Ou, no caso, petisco tuaregue: Bombino, na Estação Ferroviária do Rossio. Secundado por uma banda composta por bateria, baixo e guitarra extra, o músico semi-improvisou o melhor concerto da noite. Semi-improvisou, porque estas canções, uma mistura de rock psicadélico com melodias tuaregues, libertam-se das amarras de pontes e refrões, entregando-se a longos instrumentais de destino imprevisível. A secção rítmica providencia um gingar que nunca provoca enjoo, mas também não convida ao sono, enquanto as duas guitarras desenham rendilhados por cima. Renda a boiar em água não parece (teoricamente) grande ideia, mas ninguém arredou pé.

Quando o objectivo é provar música, decisões têm de ser tomadas. Apanha-se o fim de Nicolas Godin? O início de Cachupa Psicadélica? E aqui convém dizer que se antigamente as pessoas começavam a praticar desporto em Maio, para terem um corpo bonito no Verão, agora têm também de ter em conta Outubro, para aguentarem as caminhadas do Mexefest. De modo que a opção foi a Cachupa Psicadélica servida no Palácio Foz, porque ficava mais perto. Há algo de morno nestas protomornas que enxertam século XXI na tradição cabo-verdiana – em compensação pode admirar-se o palácio, que é belíssimo.
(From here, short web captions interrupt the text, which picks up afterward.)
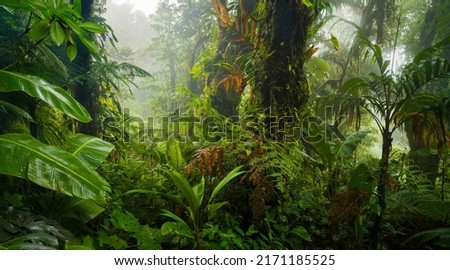 Rain forest in Central America Royalty-Free Stock Photo #2171185525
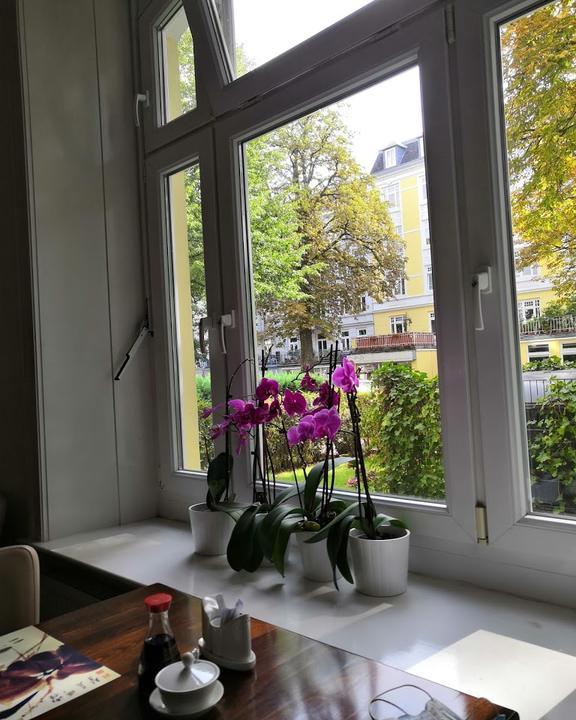 Lotusblüte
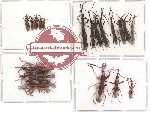 Scientific lot no. 4 Brenthidae (19 pcs)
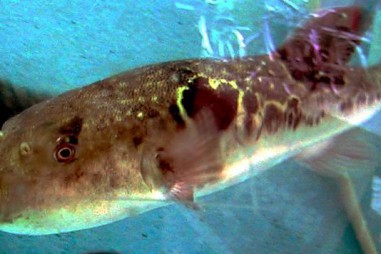 Mỹ bào chế thuốc giảm đau bằng nọc độc cá nóc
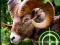 Laro Crazy Goat Hunter 2020 online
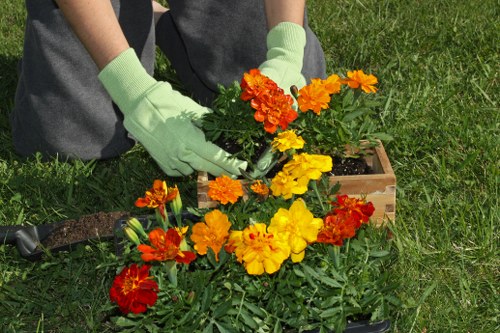 Seasonal tasks for garden maintenance in Richmond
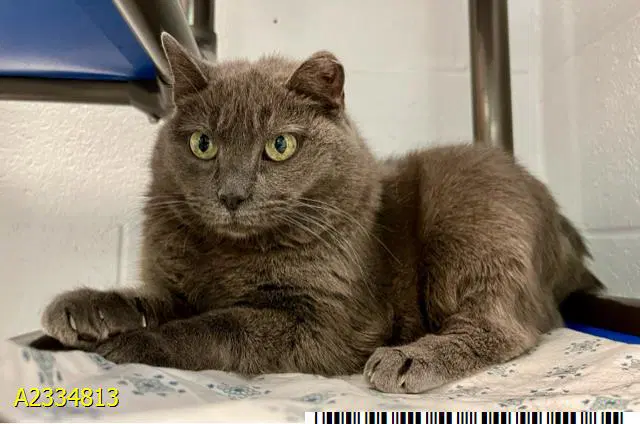 Peanut - Russian Blue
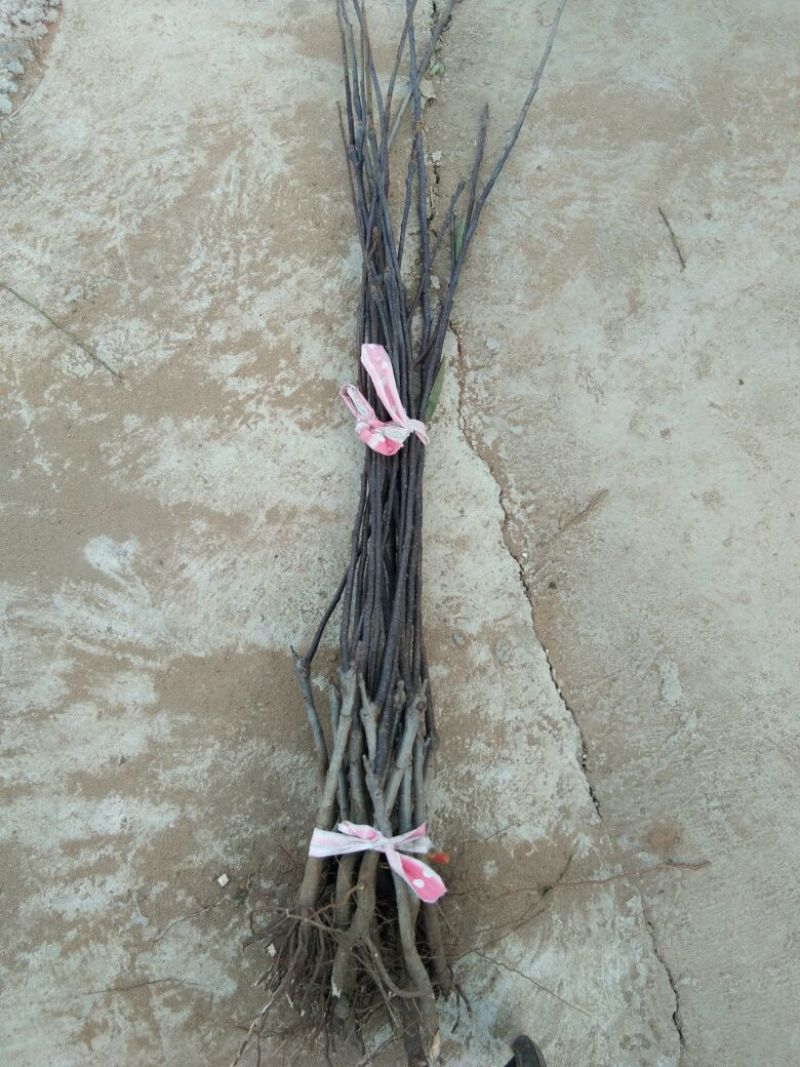 早酥红梨苗：梨树苗基地：梨树苗：基地直供包技术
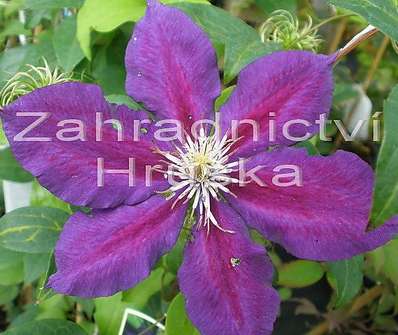 plamének - Clematis 'Julka'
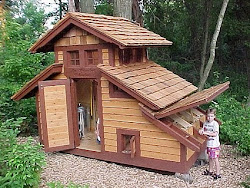 chicken coop disease respiratory vs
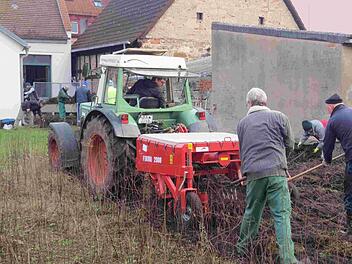 "Viele Händ' machen schnell a End'" gilt auch bei der Süßholzernte. In vier Stunden wurde auf dem 800-Quadratmeter-Feld der Süßholzgesellschaft die edlen Wurzeln eingebracht.  Foto: Stadt Bamberg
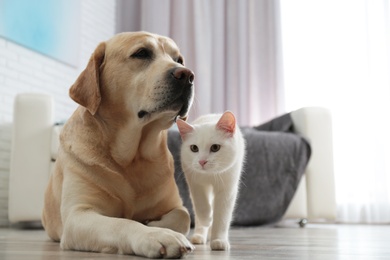 Photo of Adorable dog and cat together on floor indoors. Friends forever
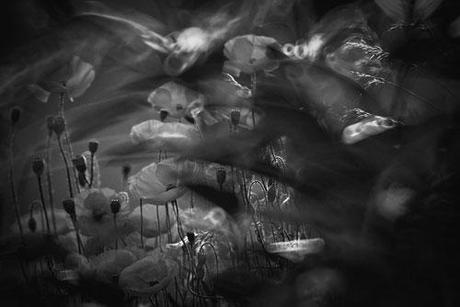 I colori della vita I colori della vita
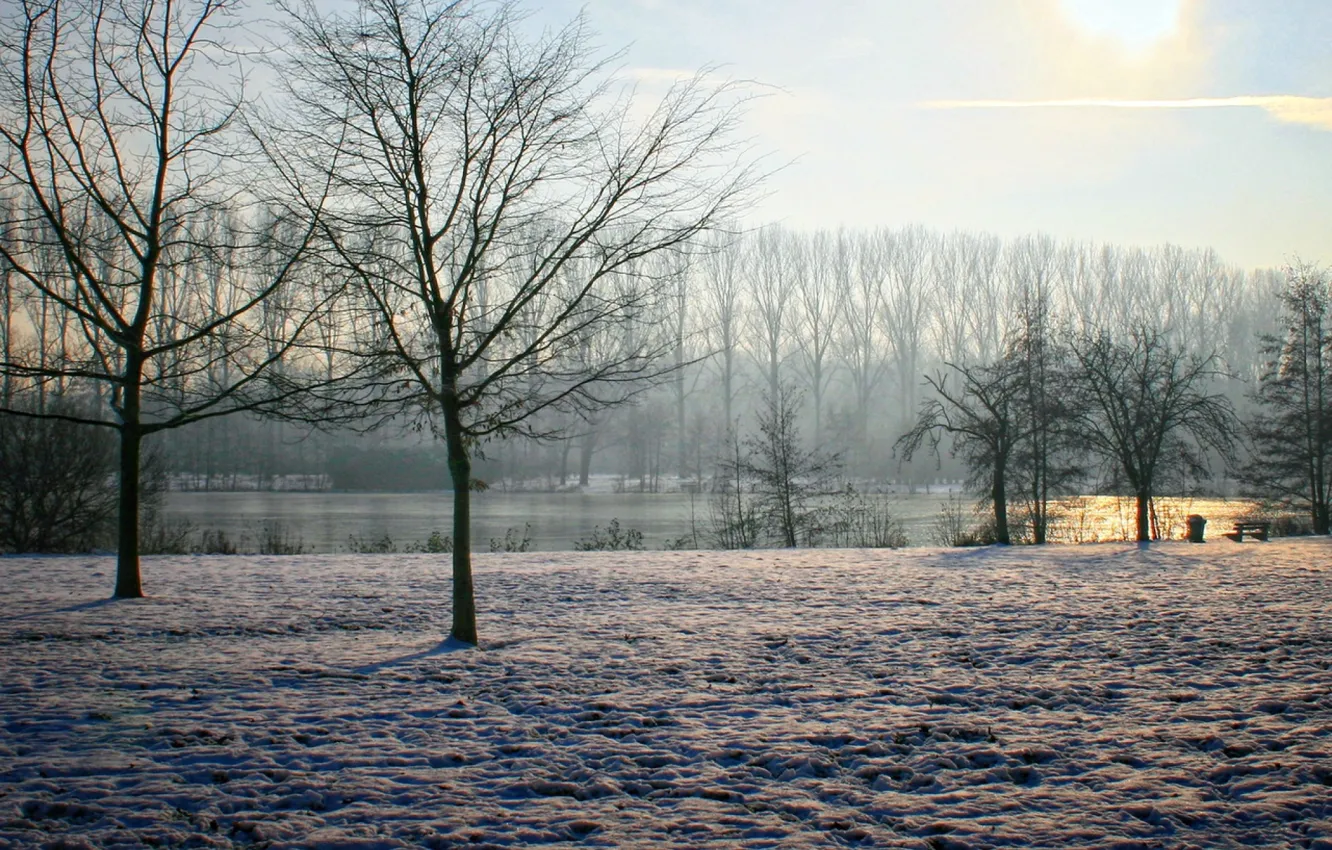 Photo wallpaper sky, trees, winter, sun, Belgium, clearly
Antes de Patrick Watson no Coliseu, improvisámos nova passagem pelo Tanque, para aferir da temperatura. Está quente ali, por via do one woman show de Peaches, que exibia: maquilhagem vermelha, extensões loiras no cabelo, maillot em que estava estampada uma cara de homem zangado e os seus dotes no auto-djing, actividade que implica pôr o CD a tocar e cantar por cima. Acaba com Fuck the pain away, enquanto bebe champanhe e atira toalhas que acabou de esfregar nas suas partes baixas, deixando o público a cantar o refrão em uníssono, num êxtase cor da maquilhagem de Peaches.

Não são só as pessoas que se movem no Mexefest, a informação também e, quando entramos no Coliseu para assistir ao desempenho de Patrick Watson, já sabemos que houve concertos acima da média que perdemos por sobreposição de horários (The Parrots foi bom, Castello Branco idem, etc.). Um concerto de Watson é uma lição de geografia: isto é uma planície, isto é uma montanha. Quando a força de um tema está concentrada no piano, o Coliseu torna-se demasiado grande para tanta intimidade e vai de planície. Mas em se lhe dando para requisitar participação activa de todos os músicos, Watson inventa montanhas na forma de refrões épicos que servem muito bem a sua pop clássica.

Não foi perfeito, pareceu longo, o que pode dever-se ao cansaço que se vai infiltrando no corpo e ao excesso de sabores que o cérebro tem de processar numa só noite, mas os fãs não ficaram desiludidos.

Do menu destacam-se as rendas de Bombino, as farpas eléctricas dos Glockenwise e 50% dos temas de Ariel Pink. O que não é nada mau, numa só refeição.